During that time, I would tell a person about my problems, and they'd give me some celebrity quote or a movie/play quote, they'd tell me to do what "feels" right, or they'd hug me and tell me it would get better eventually. Because to them, that's the only hope they really have... that it will probably get better.
Every time anyone would give me one of these culture-postulates, I would generally smile and nod, and a few times I would try to follow, but it all seemed so empty. There was something that I couldn't understand; it seemed somehow cheesy. It was like they were grasping at straws, and everything came out touchy-feely and... lacking.
So why didn't I follow the advice? Why didn't their little maxims warm my heart and make me feel better about the things I wanted to do or was having trouble attaining?
Because I'd seen the light.
I was a Christian before this time in my life. I believed in Christ as my Savior, but I wasn't living it because it was really hard. I will stress again: being a teenager is hard.
People may say that they'd love to be a teenager again for the ease, or that teenagers don't know what pain really is.

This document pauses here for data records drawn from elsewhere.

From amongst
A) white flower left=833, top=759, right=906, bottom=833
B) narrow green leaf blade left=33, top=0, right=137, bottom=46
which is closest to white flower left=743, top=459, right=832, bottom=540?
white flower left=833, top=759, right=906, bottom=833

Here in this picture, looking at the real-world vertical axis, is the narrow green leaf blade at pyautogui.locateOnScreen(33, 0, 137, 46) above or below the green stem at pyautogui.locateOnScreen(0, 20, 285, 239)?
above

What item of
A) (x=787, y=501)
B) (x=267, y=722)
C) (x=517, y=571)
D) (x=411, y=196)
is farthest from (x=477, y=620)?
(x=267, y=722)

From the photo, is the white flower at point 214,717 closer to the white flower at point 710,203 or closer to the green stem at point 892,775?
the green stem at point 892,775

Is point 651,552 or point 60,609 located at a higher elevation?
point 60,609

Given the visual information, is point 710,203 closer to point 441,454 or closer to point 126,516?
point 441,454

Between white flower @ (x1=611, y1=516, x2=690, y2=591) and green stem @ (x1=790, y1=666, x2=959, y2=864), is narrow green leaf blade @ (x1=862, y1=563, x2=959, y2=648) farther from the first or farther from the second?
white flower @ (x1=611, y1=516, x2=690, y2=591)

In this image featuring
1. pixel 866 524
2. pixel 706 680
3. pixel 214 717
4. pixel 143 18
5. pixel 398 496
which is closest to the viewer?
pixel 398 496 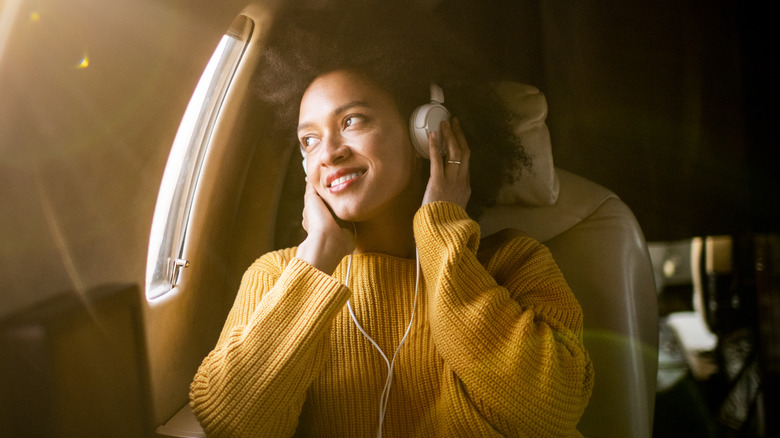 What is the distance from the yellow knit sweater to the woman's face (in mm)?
104

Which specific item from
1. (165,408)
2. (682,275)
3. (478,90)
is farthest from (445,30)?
(165,408)

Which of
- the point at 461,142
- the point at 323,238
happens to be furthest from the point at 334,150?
the point at 461,142

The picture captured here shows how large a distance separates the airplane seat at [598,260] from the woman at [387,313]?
0.52ft

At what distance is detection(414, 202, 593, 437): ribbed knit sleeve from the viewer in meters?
0.83

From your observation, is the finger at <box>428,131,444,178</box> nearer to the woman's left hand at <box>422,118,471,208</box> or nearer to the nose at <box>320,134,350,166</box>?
the woman's left hand at <box>422,118,471,208</box>

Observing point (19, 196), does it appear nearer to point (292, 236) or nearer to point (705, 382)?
point (292, 236)

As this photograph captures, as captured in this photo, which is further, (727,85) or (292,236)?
(292,236)

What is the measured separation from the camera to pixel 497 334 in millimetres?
850

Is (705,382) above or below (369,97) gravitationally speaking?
below

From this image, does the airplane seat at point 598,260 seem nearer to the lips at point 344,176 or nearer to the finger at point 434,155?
the finger at point 434,155

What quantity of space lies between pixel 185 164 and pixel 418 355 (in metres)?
0.60

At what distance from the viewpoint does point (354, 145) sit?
0.94 meters

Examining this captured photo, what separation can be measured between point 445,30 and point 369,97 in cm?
30

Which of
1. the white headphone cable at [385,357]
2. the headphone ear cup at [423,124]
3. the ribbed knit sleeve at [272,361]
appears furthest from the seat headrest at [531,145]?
the ribbed knit sleeve at [272,361]
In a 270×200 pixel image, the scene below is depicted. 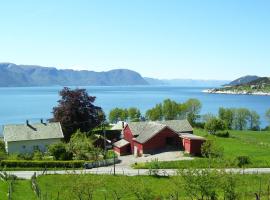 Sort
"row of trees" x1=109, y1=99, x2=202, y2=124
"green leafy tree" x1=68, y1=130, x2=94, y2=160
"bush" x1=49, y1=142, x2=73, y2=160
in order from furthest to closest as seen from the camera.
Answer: "row of trees" x1=109, y1=99, x2=202, y2=124, "green leafy tree" x1=68, y1=130, x2=94, y2=160, "bush" x1=49, y1=142, x2=73, y2=160

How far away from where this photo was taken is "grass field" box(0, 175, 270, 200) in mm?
32125

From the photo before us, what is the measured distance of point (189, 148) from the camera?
6091cm

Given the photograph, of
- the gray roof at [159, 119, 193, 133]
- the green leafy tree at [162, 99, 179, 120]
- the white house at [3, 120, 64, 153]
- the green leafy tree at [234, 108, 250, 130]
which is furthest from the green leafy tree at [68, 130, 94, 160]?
the green leafy tree at [234, 108, 250, 130]

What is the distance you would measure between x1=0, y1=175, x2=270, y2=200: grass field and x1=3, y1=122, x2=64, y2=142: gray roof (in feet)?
75.2

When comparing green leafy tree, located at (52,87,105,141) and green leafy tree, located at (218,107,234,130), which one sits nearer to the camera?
green leafy tree, located at (52,87,105,141)

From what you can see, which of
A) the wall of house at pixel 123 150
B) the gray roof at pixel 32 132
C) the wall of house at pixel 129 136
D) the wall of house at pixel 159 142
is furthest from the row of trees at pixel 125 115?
the wall of house at pixel 159 142

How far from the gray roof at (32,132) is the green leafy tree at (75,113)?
13.2 feet

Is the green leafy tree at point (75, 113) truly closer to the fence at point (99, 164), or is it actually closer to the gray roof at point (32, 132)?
the gray roof at point (32, 132)

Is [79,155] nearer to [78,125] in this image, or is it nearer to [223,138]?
[78,125]

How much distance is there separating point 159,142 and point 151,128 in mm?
3619

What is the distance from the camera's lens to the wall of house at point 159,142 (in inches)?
2532

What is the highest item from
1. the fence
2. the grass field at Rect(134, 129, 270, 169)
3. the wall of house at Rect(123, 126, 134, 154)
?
the wall of house at Rect(123, 126, 134, 154)

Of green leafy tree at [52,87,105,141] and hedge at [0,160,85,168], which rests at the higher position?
green leafy tree at [52,87,105,141]

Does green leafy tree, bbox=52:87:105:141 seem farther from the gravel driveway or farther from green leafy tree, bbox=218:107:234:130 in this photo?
green leafy tree, bbox=218:107:234:130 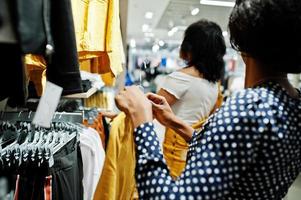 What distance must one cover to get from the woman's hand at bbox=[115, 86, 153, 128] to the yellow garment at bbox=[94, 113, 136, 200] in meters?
0.24

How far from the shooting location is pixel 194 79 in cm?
180

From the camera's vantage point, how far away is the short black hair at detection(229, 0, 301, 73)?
2.36 feet

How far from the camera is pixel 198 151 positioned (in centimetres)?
75

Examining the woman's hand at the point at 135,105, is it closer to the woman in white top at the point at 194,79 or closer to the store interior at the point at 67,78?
the store interior at the point at 67,78

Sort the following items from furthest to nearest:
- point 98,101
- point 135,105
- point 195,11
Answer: point 195,11, point 98,101, point 135,105

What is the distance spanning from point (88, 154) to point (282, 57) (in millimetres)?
937

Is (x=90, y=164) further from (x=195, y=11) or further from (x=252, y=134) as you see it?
(x=195, y=11)

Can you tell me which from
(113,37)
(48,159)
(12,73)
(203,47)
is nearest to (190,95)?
(203,47)

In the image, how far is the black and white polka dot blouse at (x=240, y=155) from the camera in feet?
2.31

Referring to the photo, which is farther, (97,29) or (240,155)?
(97,29)

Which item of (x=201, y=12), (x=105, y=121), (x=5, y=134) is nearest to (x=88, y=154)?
(x=5, y=134)

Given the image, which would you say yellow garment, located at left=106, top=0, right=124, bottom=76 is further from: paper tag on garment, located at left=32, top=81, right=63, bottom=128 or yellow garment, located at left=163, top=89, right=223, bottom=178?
paper tag on garment, located at left=32, top=81, right=63, bottom=128

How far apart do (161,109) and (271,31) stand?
1.65 feet

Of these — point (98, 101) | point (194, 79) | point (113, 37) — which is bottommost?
point (98, 101) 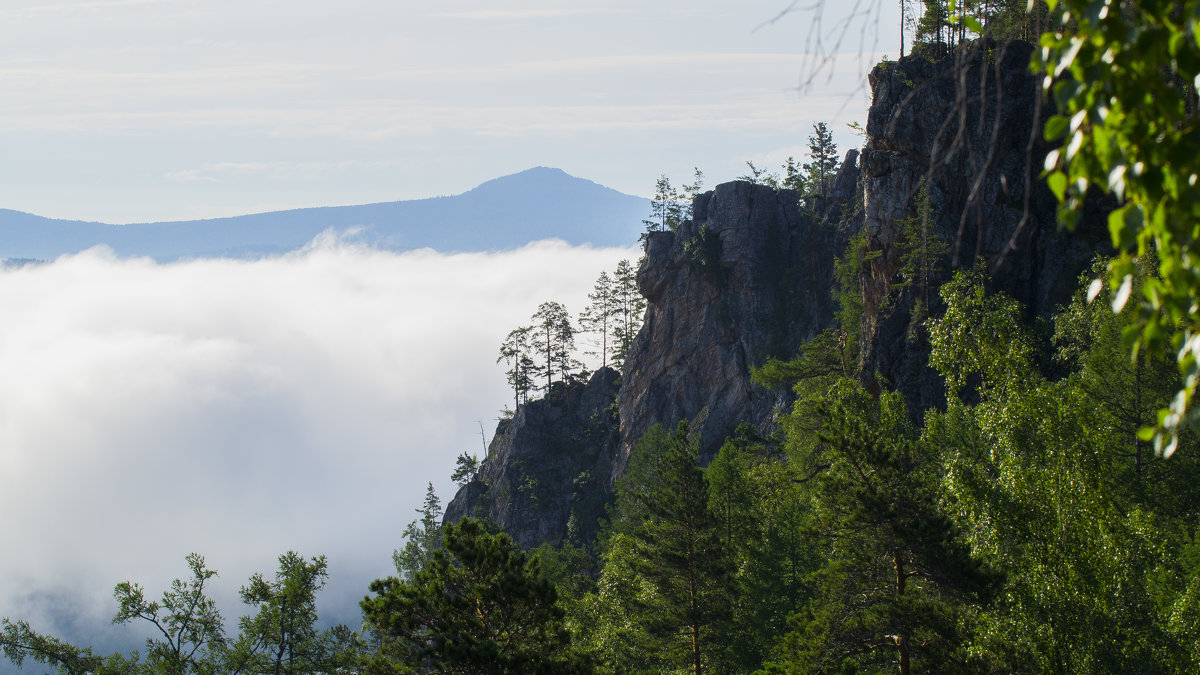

But we do.
28 He redeemed my soul from going down to the pit, and I will live to enjoy the light.'
All in all, I just wanted to share what was on my heart today. Think about the matchless mercy that this proves! Think about how great that makes God. He pulls us out from that sad, empty continual grasping for hope, and plops it right into our laps. No longer having to struggle to make up little sayings and bywords, we see the light. Every possible adage we could ever need is written directly into Scripture.
I'd say that's pretty amazing.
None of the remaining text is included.